DATA FOR PROCESSING ▸
——————

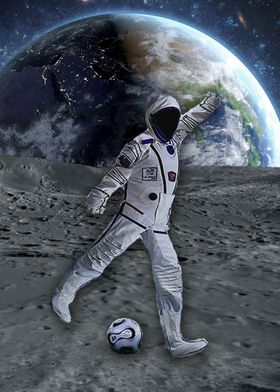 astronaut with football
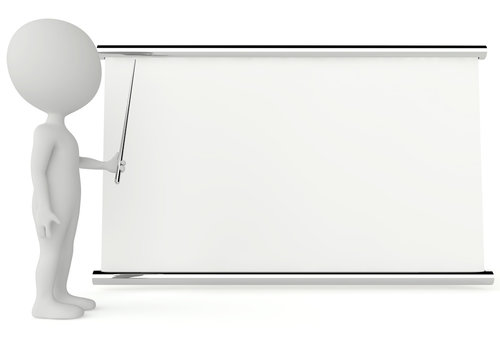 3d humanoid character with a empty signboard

——————

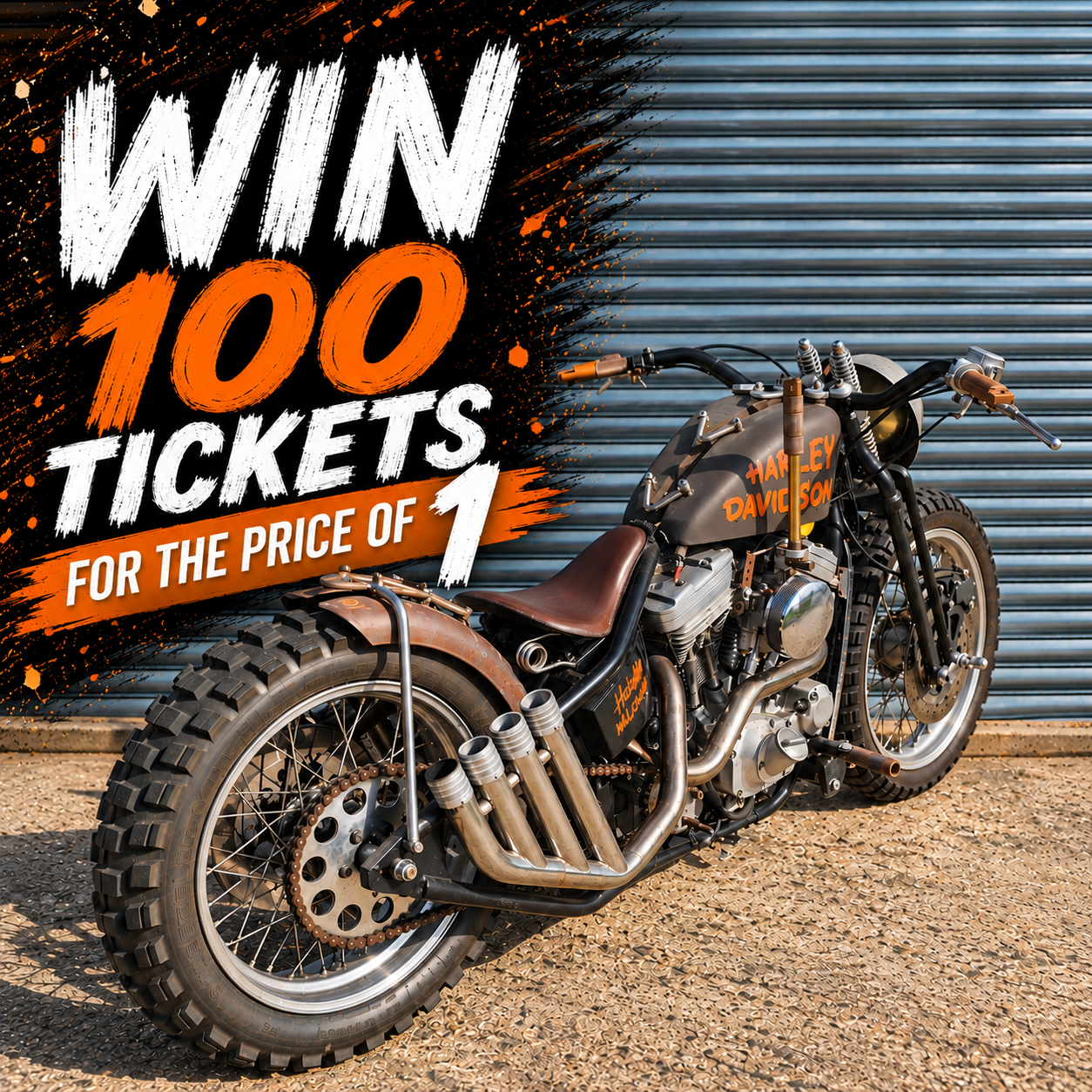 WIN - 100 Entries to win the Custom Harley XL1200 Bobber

——————

PROBLEM ▸ Only one part of the listing is wanted: the lines from the one containing "astronaut with football" through the one containing "3d humanoid character with a empty signboard", both included. Please transcribe it exactly, leaving out the pictures.

RESPONSE BOX ▸
 astronaut with football
 3d humanoid character with a empty signboard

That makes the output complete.